Unwarranted access already allowed
Telstra says that police and spy agencies very rarely have a warrant when they request customers’ information.
Telstra has put out its first annual Transparency Report, saying that in tens of thousands of Government requests for customer records, only 3.9 per cent were approved by a court order or warrant.
Government security agencies and police forces accessed 84,949 Telstra customer records in the 2014 financial year, of these, just 598 were in response to court orders and 2,701 were based on warrants for the interception of data.
“Between 1 July 2013 and 30 June 2014, we received and acted on 84,949 requests for customer information,” the report said.
“2,701 were warrants for interception or access to stored communications.”
“Outside of Australia, we received less than 100 requests across all the countries that we operate in.”
It adds to Telstra’s recent revelation that law-enforcement agencies have also been accessing Australians' complete web browsing histories without warrants.
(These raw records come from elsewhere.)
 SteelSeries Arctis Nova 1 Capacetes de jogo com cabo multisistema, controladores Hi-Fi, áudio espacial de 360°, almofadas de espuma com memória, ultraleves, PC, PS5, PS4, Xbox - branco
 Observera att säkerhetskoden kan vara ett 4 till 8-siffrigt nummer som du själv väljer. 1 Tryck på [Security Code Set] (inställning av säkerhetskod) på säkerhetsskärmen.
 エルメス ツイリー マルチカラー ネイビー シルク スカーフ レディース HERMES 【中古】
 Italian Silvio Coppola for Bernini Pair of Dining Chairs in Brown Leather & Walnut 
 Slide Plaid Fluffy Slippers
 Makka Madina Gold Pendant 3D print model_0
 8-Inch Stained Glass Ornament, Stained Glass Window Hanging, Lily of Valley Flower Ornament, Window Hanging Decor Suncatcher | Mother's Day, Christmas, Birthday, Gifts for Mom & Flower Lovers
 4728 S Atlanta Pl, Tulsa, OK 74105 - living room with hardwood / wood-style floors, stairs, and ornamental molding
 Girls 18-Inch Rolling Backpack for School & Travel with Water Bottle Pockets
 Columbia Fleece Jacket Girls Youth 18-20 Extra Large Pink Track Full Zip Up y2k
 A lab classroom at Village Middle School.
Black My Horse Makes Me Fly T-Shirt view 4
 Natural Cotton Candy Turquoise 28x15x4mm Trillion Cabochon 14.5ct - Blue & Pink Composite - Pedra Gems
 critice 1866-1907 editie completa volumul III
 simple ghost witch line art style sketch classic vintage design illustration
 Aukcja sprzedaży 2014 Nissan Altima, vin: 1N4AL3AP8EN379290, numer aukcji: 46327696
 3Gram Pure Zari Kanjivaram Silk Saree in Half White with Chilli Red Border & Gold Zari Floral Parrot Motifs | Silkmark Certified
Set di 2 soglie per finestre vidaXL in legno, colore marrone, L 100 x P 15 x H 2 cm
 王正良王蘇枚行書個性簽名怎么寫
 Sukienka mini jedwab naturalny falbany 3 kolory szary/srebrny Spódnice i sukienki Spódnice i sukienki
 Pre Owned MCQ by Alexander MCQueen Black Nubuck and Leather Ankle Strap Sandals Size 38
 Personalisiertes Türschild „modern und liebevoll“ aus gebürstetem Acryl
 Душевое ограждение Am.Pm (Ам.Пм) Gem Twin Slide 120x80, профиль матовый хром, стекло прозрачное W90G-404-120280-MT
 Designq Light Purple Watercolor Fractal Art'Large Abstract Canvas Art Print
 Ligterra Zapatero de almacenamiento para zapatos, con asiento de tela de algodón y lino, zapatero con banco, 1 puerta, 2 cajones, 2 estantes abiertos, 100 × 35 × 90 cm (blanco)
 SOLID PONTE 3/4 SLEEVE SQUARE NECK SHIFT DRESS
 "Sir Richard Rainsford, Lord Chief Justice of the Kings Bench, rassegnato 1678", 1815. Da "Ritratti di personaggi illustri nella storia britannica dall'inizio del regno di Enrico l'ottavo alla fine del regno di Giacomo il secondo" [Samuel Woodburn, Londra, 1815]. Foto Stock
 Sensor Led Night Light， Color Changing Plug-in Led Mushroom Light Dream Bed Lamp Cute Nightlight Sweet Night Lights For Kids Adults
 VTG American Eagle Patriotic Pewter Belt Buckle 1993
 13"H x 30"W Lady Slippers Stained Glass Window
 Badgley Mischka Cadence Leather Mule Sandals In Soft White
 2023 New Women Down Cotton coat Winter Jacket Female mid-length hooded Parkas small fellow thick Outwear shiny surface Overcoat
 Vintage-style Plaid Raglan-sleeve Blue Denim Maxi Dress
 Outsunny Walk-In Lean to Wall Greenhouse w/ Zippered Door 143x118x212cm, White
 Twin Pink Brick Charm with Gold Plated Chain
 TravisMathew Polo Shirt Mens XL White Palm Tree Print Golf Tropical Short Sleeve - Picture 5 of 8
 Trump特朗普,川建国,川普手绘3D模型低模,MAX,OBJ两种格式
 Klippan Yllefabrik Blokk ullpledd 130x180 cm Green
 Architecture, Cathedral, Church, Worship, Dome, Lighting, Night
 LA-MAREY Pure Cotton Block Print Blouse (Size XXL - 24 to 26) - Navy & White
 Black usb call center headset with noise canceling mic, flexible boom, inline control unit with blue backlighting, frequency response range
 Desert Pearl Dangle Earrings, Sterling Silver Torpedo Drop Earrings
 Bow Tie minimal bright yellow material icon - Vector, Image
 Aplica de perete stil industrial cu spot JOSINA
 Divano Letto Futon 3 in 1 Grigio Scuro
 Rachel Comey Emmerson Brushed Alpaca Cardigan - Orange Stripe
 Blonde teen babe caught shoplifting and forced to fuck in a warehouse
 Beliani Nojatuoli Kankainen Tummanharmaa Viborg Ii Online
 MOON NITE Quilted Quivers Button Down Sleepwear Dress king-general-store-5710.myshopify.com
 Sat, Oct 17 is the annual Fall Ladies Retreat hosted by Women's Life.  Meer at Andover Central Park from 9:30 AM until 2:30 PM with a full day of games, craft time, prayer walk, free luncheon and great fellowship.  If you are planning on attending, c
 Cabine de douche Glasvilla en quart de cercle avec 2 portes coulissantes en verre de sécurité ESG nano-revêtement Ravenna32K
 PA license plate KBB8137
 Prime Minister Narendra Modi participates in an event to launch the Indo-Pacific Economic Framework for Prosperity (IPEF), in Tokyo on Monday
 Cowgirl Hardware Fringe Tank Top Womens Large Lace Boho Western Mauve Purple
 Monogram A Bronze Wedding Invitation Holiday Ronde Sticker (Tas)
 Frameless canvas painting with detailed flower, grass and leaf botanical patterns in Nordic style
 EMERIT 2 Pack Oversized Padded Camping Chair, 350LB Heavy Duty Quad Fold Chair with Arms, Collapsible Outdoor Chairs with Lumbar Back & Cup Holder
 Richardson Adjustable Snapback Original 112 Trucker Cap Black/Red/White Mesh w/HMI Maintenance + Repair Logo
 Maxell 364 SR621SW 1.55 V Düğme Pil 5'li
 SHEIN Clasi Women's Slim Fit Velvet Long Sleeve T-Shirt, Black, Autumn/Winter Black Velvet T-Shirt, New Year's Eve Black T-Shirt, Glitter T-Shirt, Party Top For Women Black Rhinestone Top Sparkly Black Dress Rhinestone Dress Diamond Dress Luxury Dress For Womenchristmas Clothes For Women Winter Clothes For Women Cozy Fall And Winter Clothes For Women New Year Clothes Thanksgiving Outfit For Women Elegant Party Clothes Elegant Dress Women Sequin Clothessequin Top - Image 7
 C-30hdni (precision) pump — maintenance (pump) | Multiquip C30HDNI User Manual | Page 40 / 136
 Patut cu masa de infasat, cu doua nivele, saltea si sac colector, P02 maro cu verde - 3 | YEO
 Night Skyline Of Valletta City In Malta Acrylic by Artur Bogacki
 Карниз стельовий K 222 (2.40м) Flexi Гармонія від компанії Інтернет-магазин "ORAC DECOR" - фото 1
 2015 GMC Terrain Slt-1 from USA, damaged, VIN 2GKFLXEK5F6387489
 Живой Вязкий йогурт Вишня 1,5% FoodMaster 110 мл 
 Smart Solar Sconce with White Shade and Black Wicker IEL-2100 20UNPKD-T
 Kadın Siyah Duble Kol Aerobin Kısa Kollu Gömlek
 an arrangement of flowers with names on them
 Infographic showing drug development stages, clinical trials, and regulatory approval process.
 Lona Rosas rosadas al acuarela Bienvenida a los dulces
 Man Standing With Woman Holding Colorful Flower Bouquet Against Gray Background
Telstra says that the vast majority, 75,448, of records were carriage service records, customer information or “pre-warrant checks” to see if a customer is still using their phone.
Many government agencies access customer information with a “lawful request”, separate to a warrant or court order.
Security bodies like the Australian Federal Police and ASIO employ the technique, as do groups such as the Royal Society for the Prevention of Cruelty to Animals (RSPCA) and local councils.
Greens Senator Scott Ludlam leads the charge toward reasonable surveillance and data retention laws, while other politicians seem to advocate a “take everything” approach.
Senator Ludlam told Fairfax Media this week that he was concerned about the seemingly rampant access of records, and the rise in the number of warrantless requests by 10 to 20 per cent each year.
“It's a huge escalation of warrantless access to people's records and you'd have to expect that if the data retention regime was brought forward that the number would continue to skyrocket,” he said.
“It appears these agencies can conduct their business and have done for years and years without a data retention policy and without access to new categories of metadata that didn't exist ten years ago,” Senator Ludlam said.
“Even if the data retention proposal was taken off the table ... we've got a very big problem with the warrantless accessing of extremely invasive material including location records.”